Zum 100. Geburtstag von Tove Jansson: Eine Künstlerin mit Freiheitsdrang
Als Schöpferin der Mumintrolle ist Tove Jansson bekannt, als Buchautorin noch zu entdecken. Sie schreibt unsentimental und dennoch berührend.
„Ich glaube, dass jede Leinwand, nature morte, Landschaft, was auch immer, im Innersten ein Selbstporträt ist!“ Was Tove Jansson 1998 über die Malerei sagte, trifft auch auf ihre literarischen Arbeiten zu. Sie zeigen das Selbstporträt einer faszinierenden Frau und Künstlerin, die uns bis heute viel zu sagen hat.
Tove Marika Jansson wurde am 9. August 1914 als Tochter der Grafikerin Signe Hammarsten-Jansson und des Bildhauers Viktor Jansson in Helsinki geboren, wo sie 2001 nach einem überaus produktiven Leben verstarb. Die Malerin, Zeichnerin und Autorin wird in den nordischen Ländern – aber auch in Japan – aufrichtig verehrt. Auch in Deutschland könnte sie jetzt als Autorin noch deutlich bekannter werden, da in ihrem Jubiläumsjahr einige ihrer lesenswerten Bücher neu erscheinen. Auch die große Biografie, die Tuula Karjalainen über Tove Jansson schrieb, erscheint dieser Tage auf Deutsch.

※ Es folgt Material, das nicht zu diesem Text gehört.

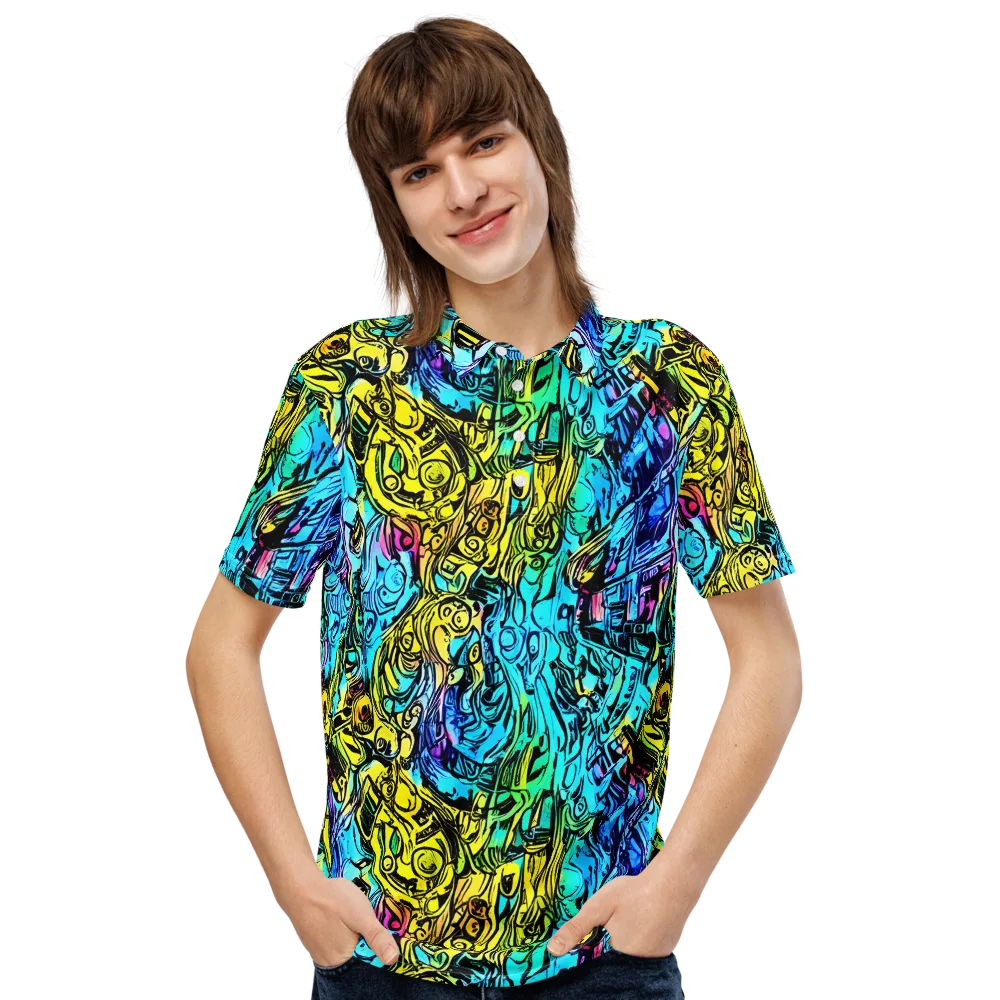 Cyan Frenzy on Men's Slim Fit Polo Shirt — Front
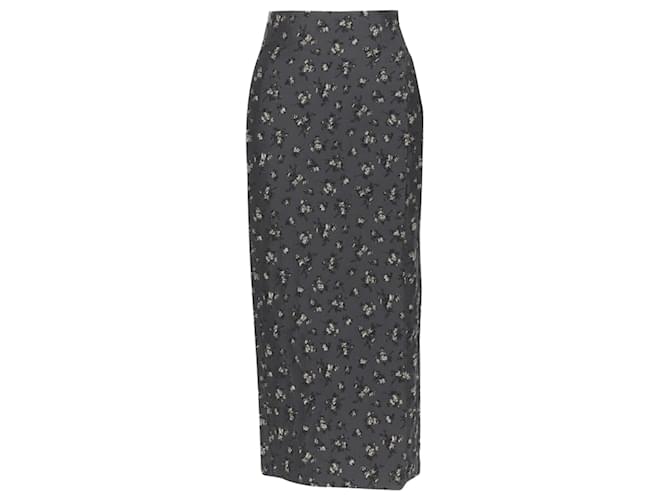 Autre Marque Brock Collection floral cloque dart knitee length pencil skirt Grey Polyester  ref.1896875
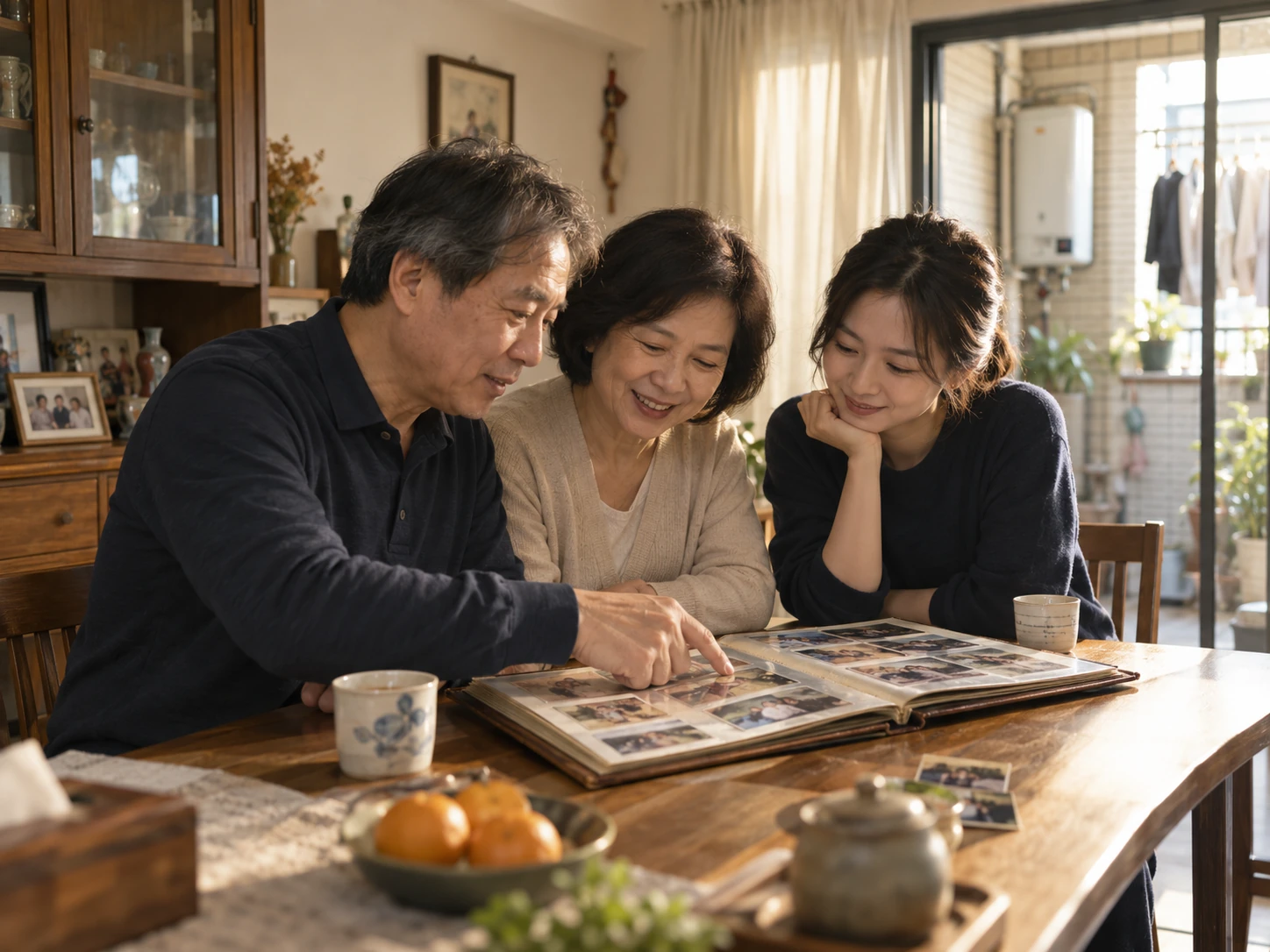 父母與成年孩子一起翻閱家庭相簿，回望孩子成長的記憶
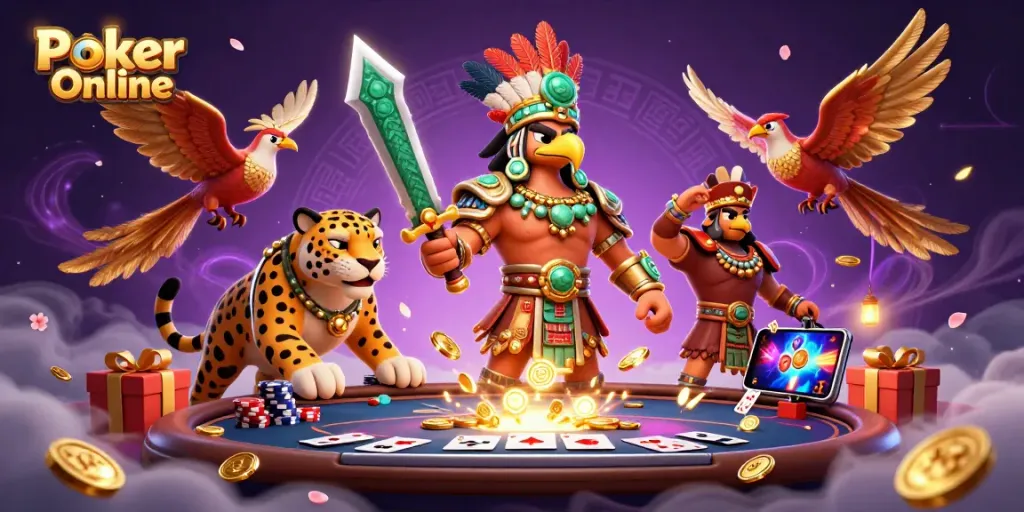 Experience the thrill of Poker Online with an energetic 3D rendering of warriors and poker elements.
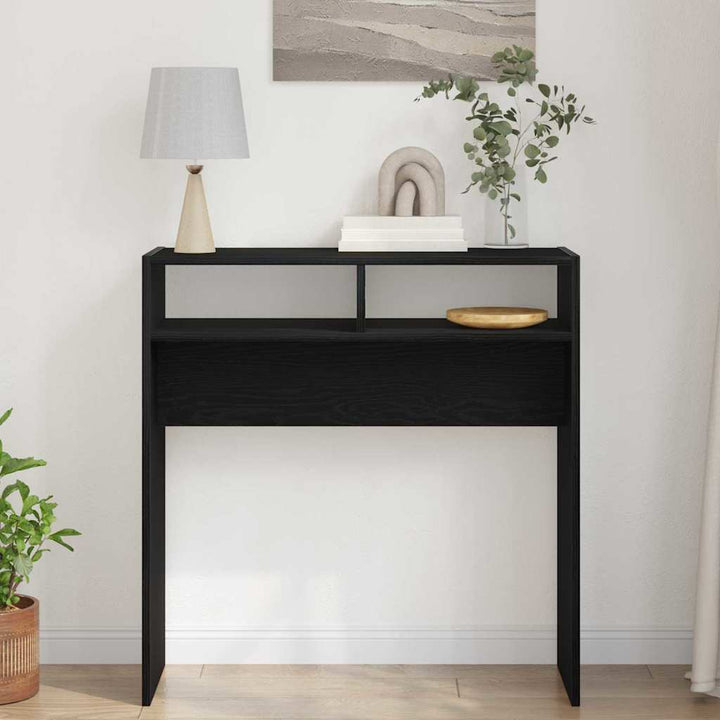 Konsolbord Svart Ek 78 X 30 X 80 Cm Konstruerat Trä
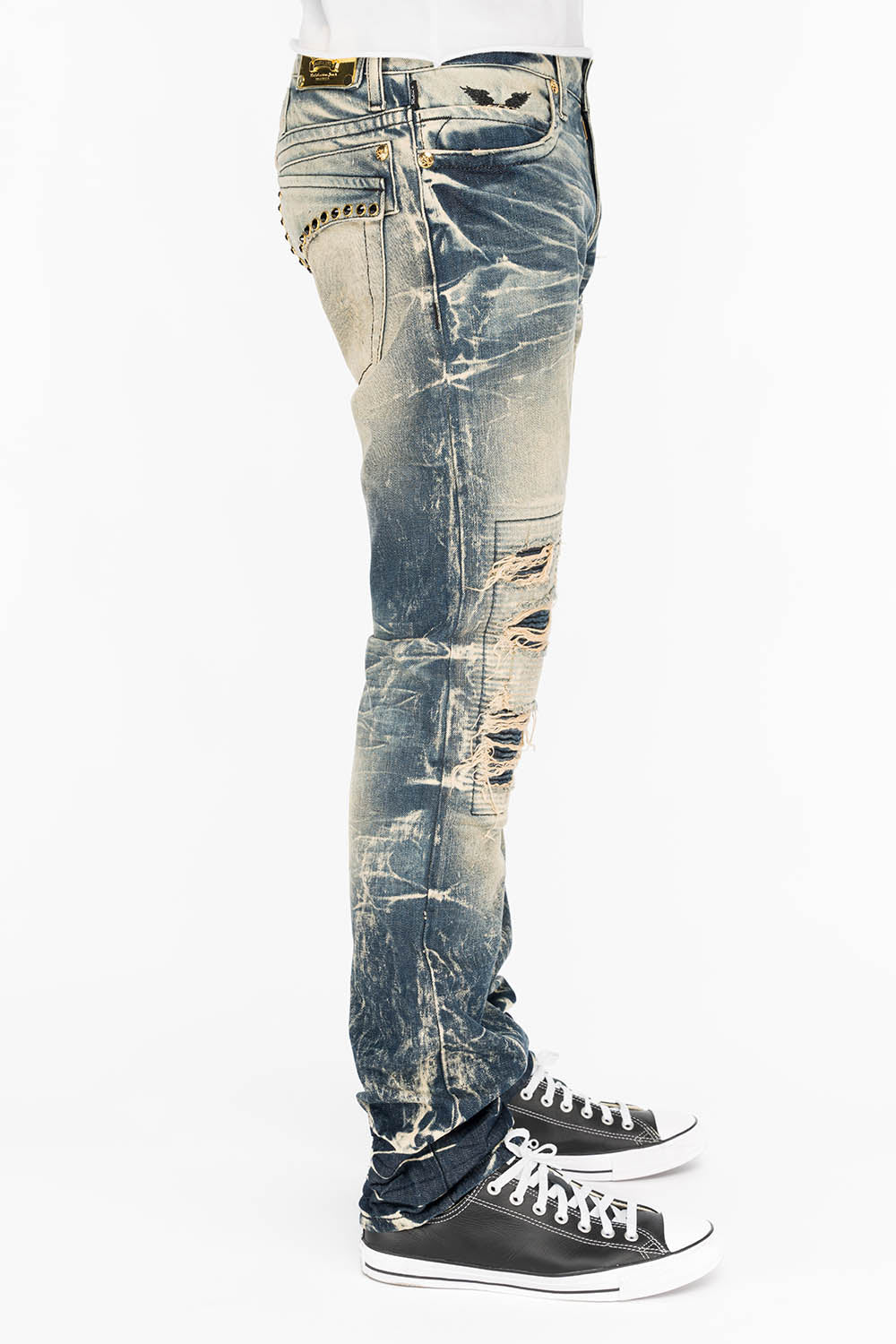 CROSSED OUT LONG FLAP MENS JEANS IN 4D DARK BROKEN WITH CRYSTALS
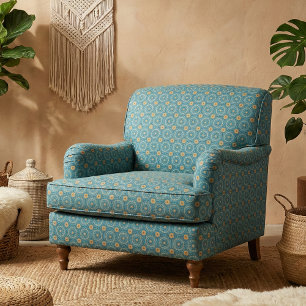 Blue & Yellow Elegant Boho Geometric Pattern Fabric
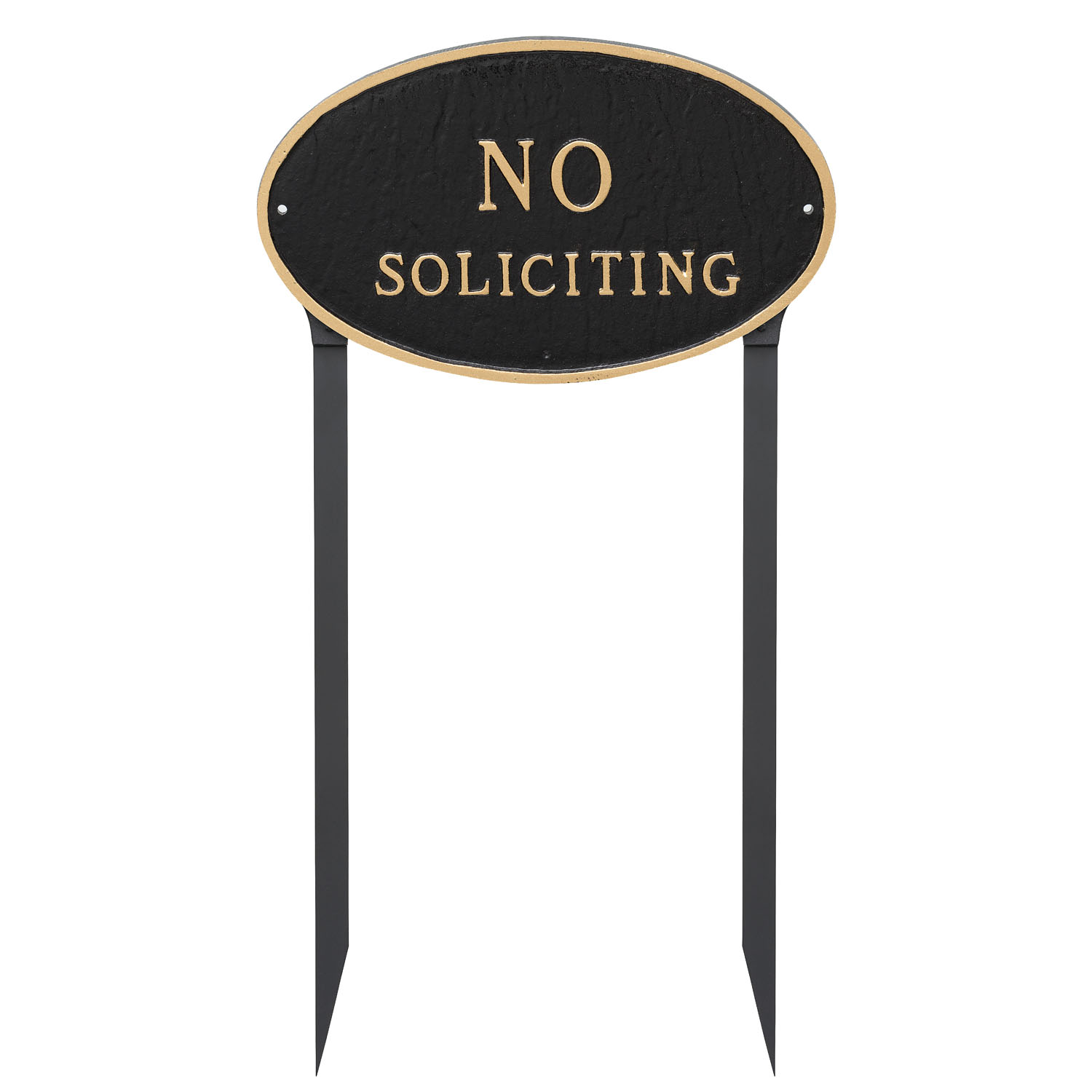 S1110 House Sign No Soliciting Plaque Oval Business Sign Metal Art Scrolls 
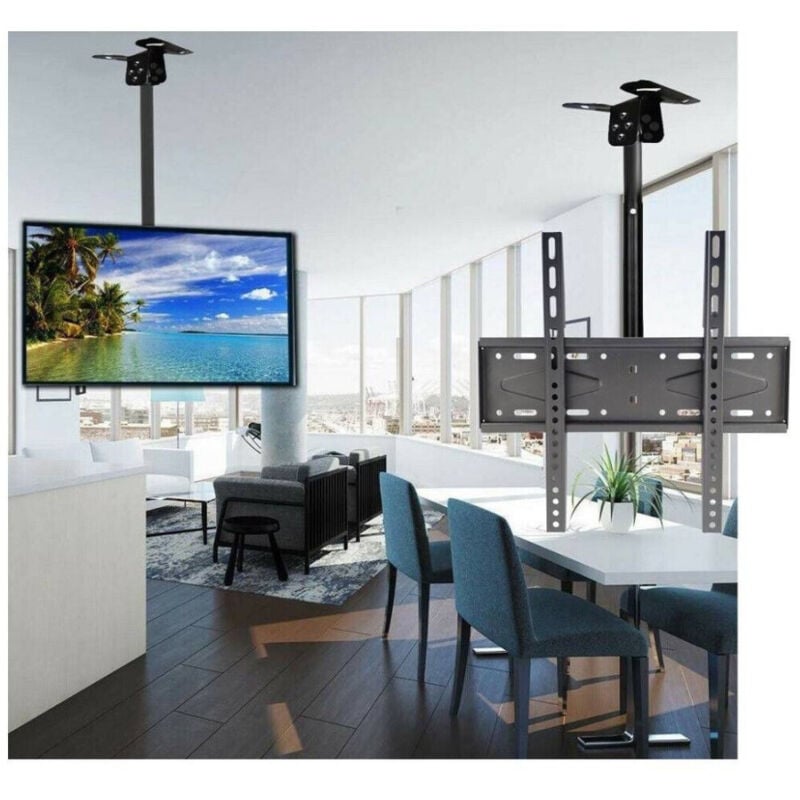 foto del prodotto trade shop traesio supporto soffitto per tv staffa braccio regolabile da 26 a 60 pollici max 55 kg 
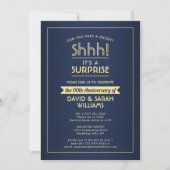 Invitation Anniversaire Surprise Party Stylish Marine Blue Go (Devant)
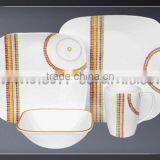 20pcs Square Shape White Dinner Service Sets Ceramic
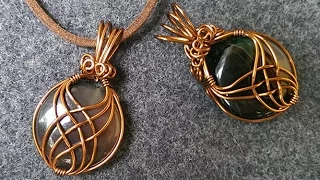 pendant with big stone no holes - wire wrap jewelry making 242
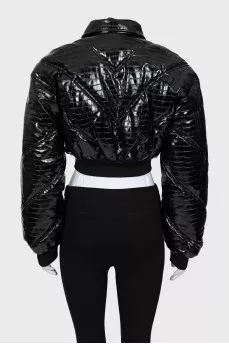 Cropped eco-leather jacket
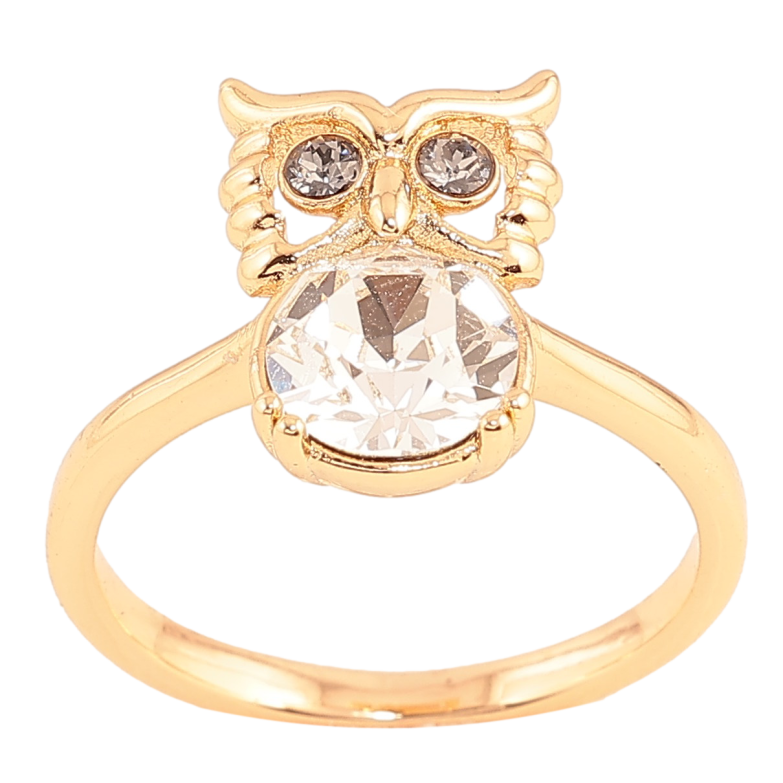 Каблучка Xuping колір Позолота 18K з кр-ми Swarovski "Сова з кристалом Clear" фото №17 Каблучка Xuping колір Позолота 18K з кр-ми Swarovski "Сова з кристалом Clear" фото №17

Wie den meisten hierzulande begegnete mir Tove Jansson zu allererst als Autorin und Zeichnerin der Mumins-Comics. Ein Kollege brachte 2006 von einem Festival in Helsinki die Mumins sowie die absolut richtige Überzeugung mit, wir sollten in unserem Verlag Reprodukt unbedingt diese Comicstrips veröffentlichen. Im Arena-Verlag erschienen seit Längerem Mumins-Geschichten. Die Comics hingegen waren seit Jahren vergriffen und ohnehin zuvor in deutscher Sprache nur in ziemlich fragwürdigen Ausgaben erhältlich. Dabei sind es die Mumins, auf die sich Janssons Ruhm begründet.
Tove Jansson und ihre beiden jüngeren Brüder Per-Olov und Lars wuchsen in einem Künstlerhaushalt auf. Tove lernte auf dem Schoß ihrer Mutter zeichnen, die mit ihren Illustrationen maßgeblich zum Familieneinkommen beitrug. Es stand immer fest, dass auch die Tochter Künstlerin werden würde, wobei Tove sich vor allem für Malerei begeisterte. Illustration galt bestenfalls als Kunsthandwerk; dennoch begann auch Tove schon sehr früh wie ihre Mutter politische Karikaturen für die linksliberale Zeitschrift Garm zu zeichnen.
Durchaus keine heile Welt
Dort und auf ihren Bildern tauchten erste einzelne Mumintrolle auf. Tove Jansson selbst hat sie als „zornige Signetfigur meiner Karikaturen“ bezeichnet. Die erste Mumins-Geschichte schrieb und illustrierte Tove Jansson während des Kriegs in den 1940er Jahren. Sie hasste den Krieg und fürchtete um ihren Bruder, ihren Geliebten und Freunde, die eingezogen worden waren.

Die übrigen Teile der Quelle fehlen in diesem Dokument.